Many Bible students find a number of memorable matters in Matthew chapter ten. There is a listing of our Lord’s twelve apostles (Matthew 10:1-4), Jesus’ charge for those apostles temporarily to preach only to the Jews (10:5-15), and the reality of the difficulties and persecutions that those men would need to be ready to face for Jesus’ sake (10:16-25).
In the next section, we read that Jesus, in a rapid sequence, three times instructed His apostles not to fear. Hear Him: “Therefore do not fear them . . . And do not fear those who kill the body but cannot kill the soul. But rather fear Him who is able to destroy
both soul and body in hell . . . Do not fear therefore; you are of more value than many sparrows” (10:26,28,31).
In what settings did our Lord not want His apostles to fear? Anytime they would be living and preaching for Him. Jesus had just told them that they would be hated for His name’s sake (10:22). They would be persecuted for Him (10:23). Some folks would have a desire to kill them (10:28). When the time would come for them to face such ordeals in their lives, they would need to recall and reflect on those simple words of Jesus: “Do not fear.” In all of those scenarios, they must remain committed to their Lord. As difficult as it might feel from a merely human point of view, regardless of how others would treat them, the apostles must continue to preach the Lord’s message, and they must do so with boldness.
Jesus made it plain that there is one thing that the adversaries of God’s people cannot do: they cannot kill the soul (10:28). Instead of fearing those who can damage their physical body, they needed to fear the One who can destroy both body and soul in
hell (10:28). That, of course, would be none other
than the God of heaven. As we contemplate the Master’s words about being “destroyed” in hell, it is important to recognize that the Greek word for “destroy” is designated in this fashion: “The idea is not extinction, but ruin; loss, not of being, but of well-being” [Vine’s; www.studylight.org/dictionaries/ved]. So, did Jesus use fear as an appeal to motivate people to serve God faithfully? He did. Eternal punishment in hell is no laughing matter (Matthew 25:46).

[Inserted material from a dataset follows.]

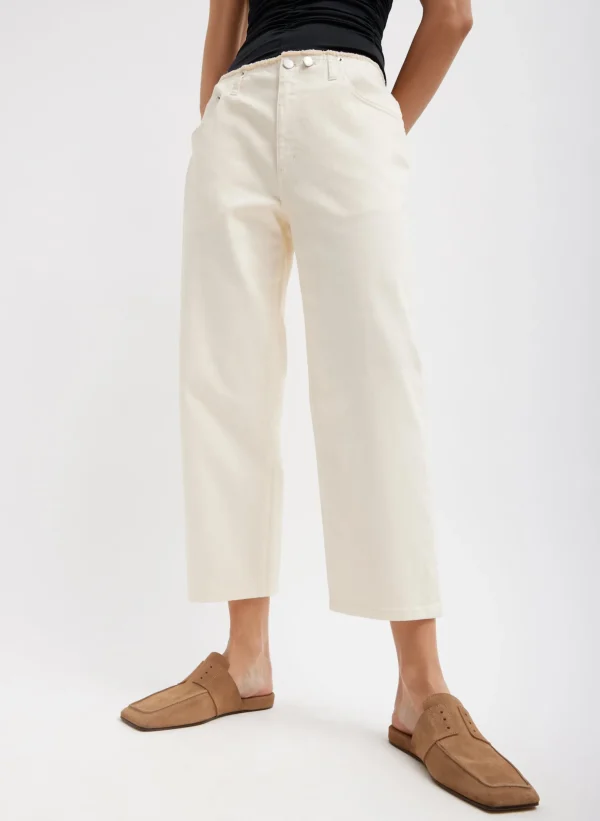 Tibi Garment Dyed Stretch Twill Cropped Newman Jean Ivory Flash Sale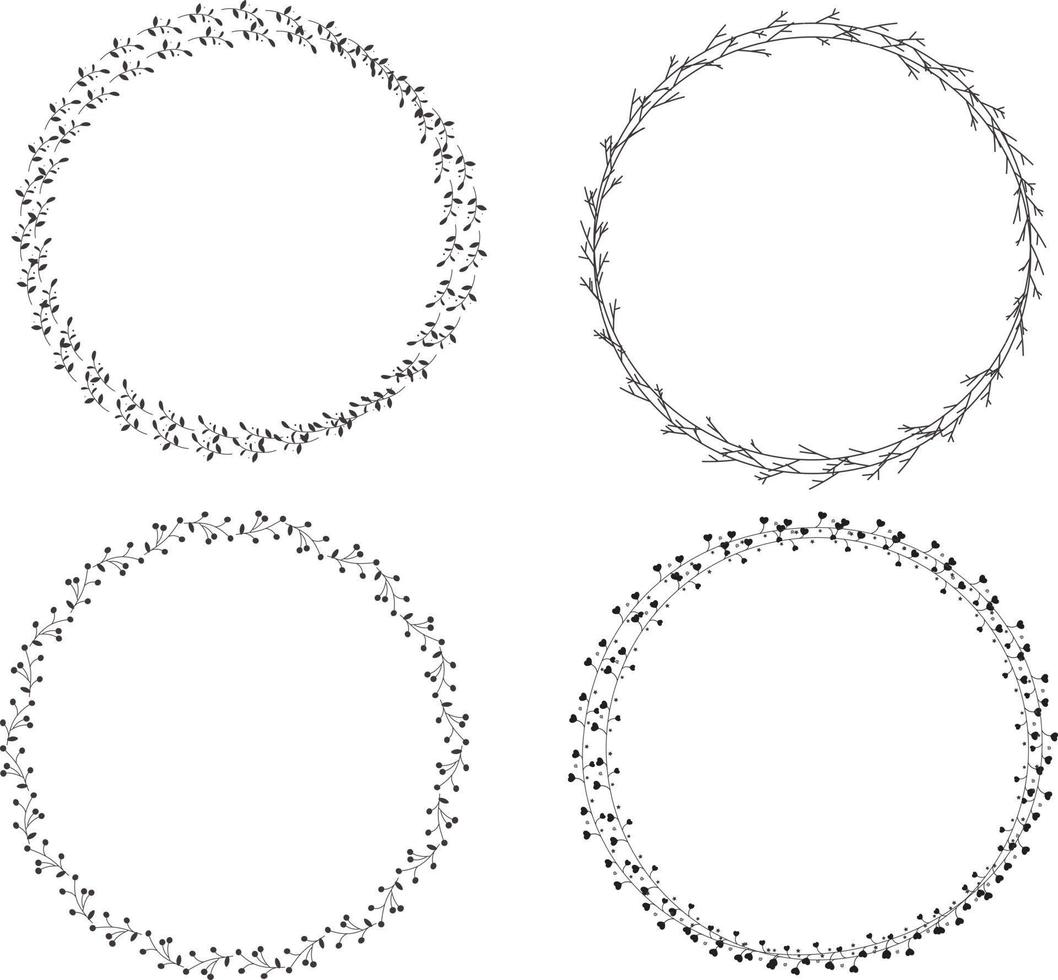 Set Handdrawn Wreath icon on white background. Handdrawn Wreath sign for your web site design, logo, app, UI. Unique decoration for greeting card black arrow sign. wedding invitation symbol. vector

There would be times when the devoted disciples of Jesus would have to face and endure uncertain, dangerous, and anxious moments. Again, what was our Lord’s instruction for them? “Do not fear.” All followers of the Christ are exhorted, “So we may boldly say: ‘The LORD is my helper; I will not fear. What can man do to me?’” (Hebrews 13:6).
As He did on numerous occasions, Jesus used an
example from the natural world to emphasize His point (“Do not fear”). The sparrows carry on their activities under the watchful eye of our heavenly Father, Who also knows how many hairs each person has on his/her head (10:29,30). If God knows and cares about birds and the hairs on our head, then how much more does He care for His children themselves? Why? Because we are of more value than birds (10:31). What should we conclude? Jesus wanted the apostles to learn to trust in their Lord!
That brings us to a topic in Matthew ten that is well-known to many. It deals with those whom Jesus will confess and deny. What did Jesus say?
“Therefore whoever confesses Me before men, him I will also confess before My Father who is in heaven. But whoever denies Me before men, him I will also deny before My Father who is in heaven” (10:32,33). Notice that Jesus began His statements about these matters by saying, “Therefore . . .” His thoughts connect directly back with what He had just said about not fearing: “Do not fear therefore; you are of more value than many sparrows” (10:31). Instead of crawling into a corner and doing nothing out of trepidation, instead of clamming up in fear, what the apostles needed to do was be prepared to do what was needed in order to persevere: trust in the Lord.
In potential life-threatening circumstances, the apostles could be asked, “Are you a follower of Jesus? Are you one of His disciples?” How they answered might determine whether their lives would be spared or killed! In the early centuries after Jesus’ death, many people lost their lives because they openly confessed their faith in Jesus of Nazareth. One who is ashamed of Jesus needs to know that the Lord also will be ashamed of him (Mark 8:38).
While it is true it is necessary to confess Jesus as
the Son of God like the eunuch did (Acts 8:36,37; Romans 10:9,10), the context of Matthew 10:32,33 and what the Master said about confessing or denying Him is not talking about what a lost person must do in order to receive forgiveness. It is a message that applies to those who already are His true disciples. Will we, like the apostles, be ready to confess Jesus as our Lord? Will we do that not only with our tongue but also in the way we live for Him? Or, will we draw back and deny our Savior out of fear? May we ever keep in mind these words of Jesus: “Do not fear.”